## Your assignment:
The expected output is an exact copy of each line from the line with "O - Sao Goncalo Central Guesthouse 라고스 외부 사진" through the end of the data below, with no pictures in it.

## Provided material:
•••

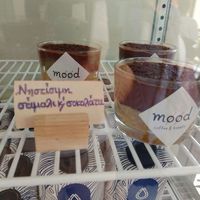 Vegan samali & chocolate at Møød in Euboea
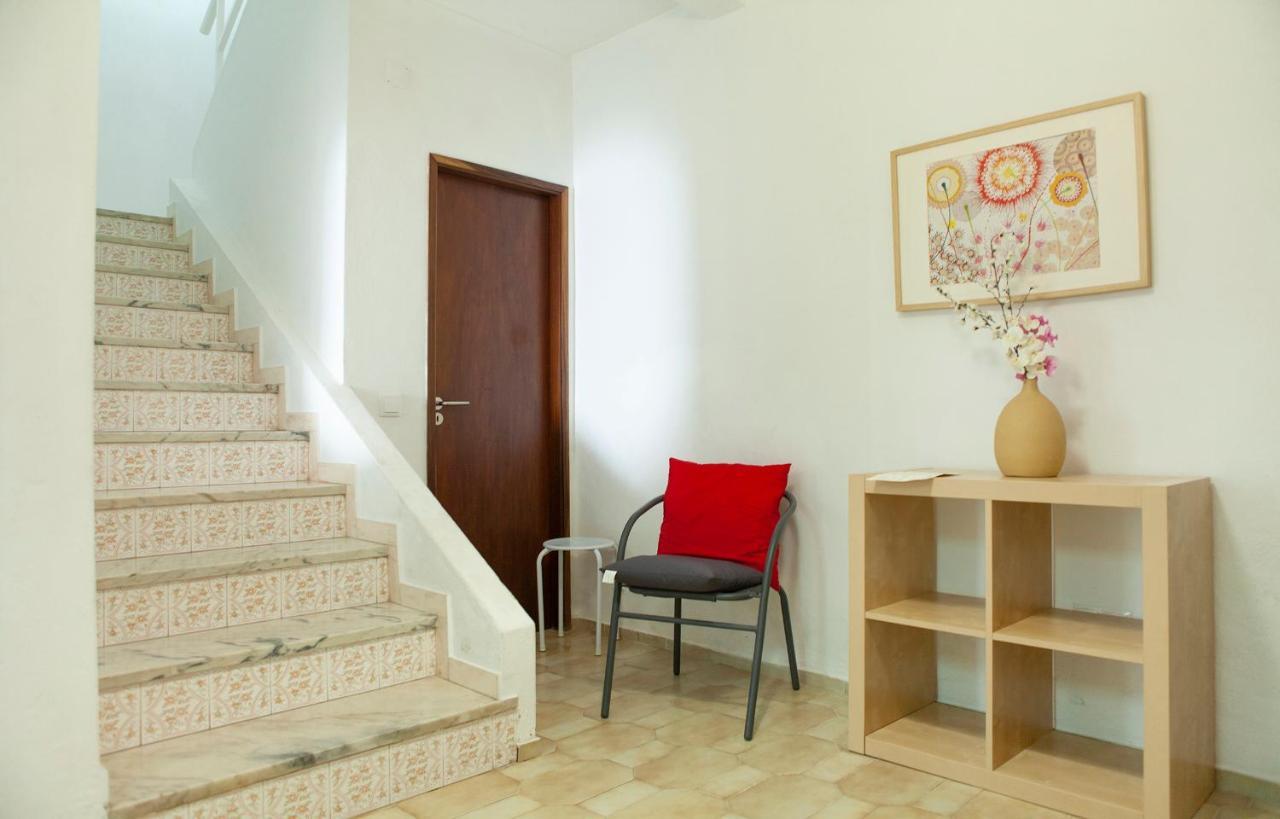O - Sao Goncalo Central Guesthouse 라고스 외부 사진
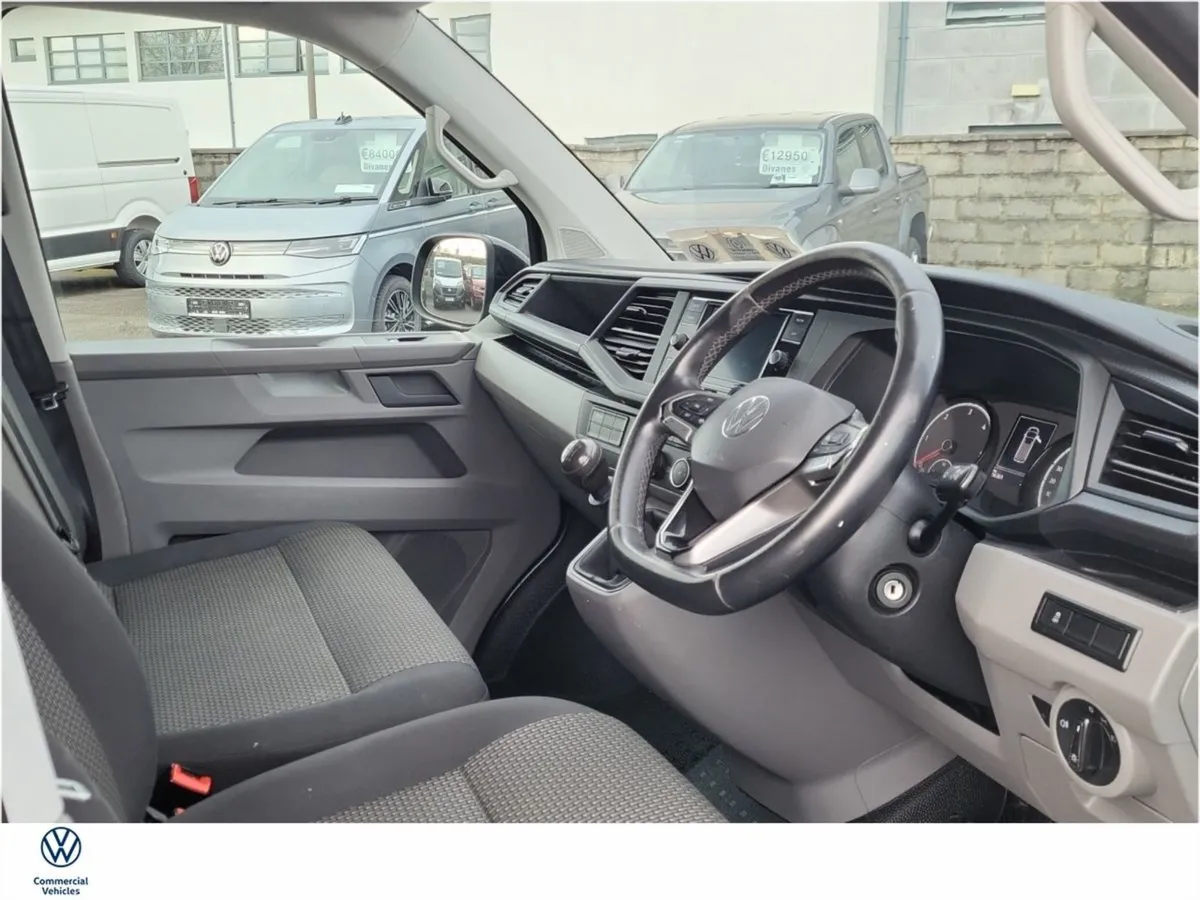 Volkswagen Transporter Trendline LWB 2.0tdi 150BH - Image 3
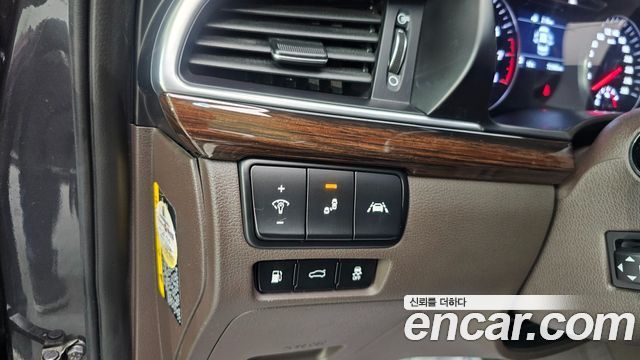 Kia K7 2018 — photo 12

•••

## Reply:
O - Sao Goncalo Central Guesthouse 라고스 외부 사진
 Volkswagen Transporter Trendline LWB 2.0tdi 150BH - Image 3
 Kia K7 2018 — photo 12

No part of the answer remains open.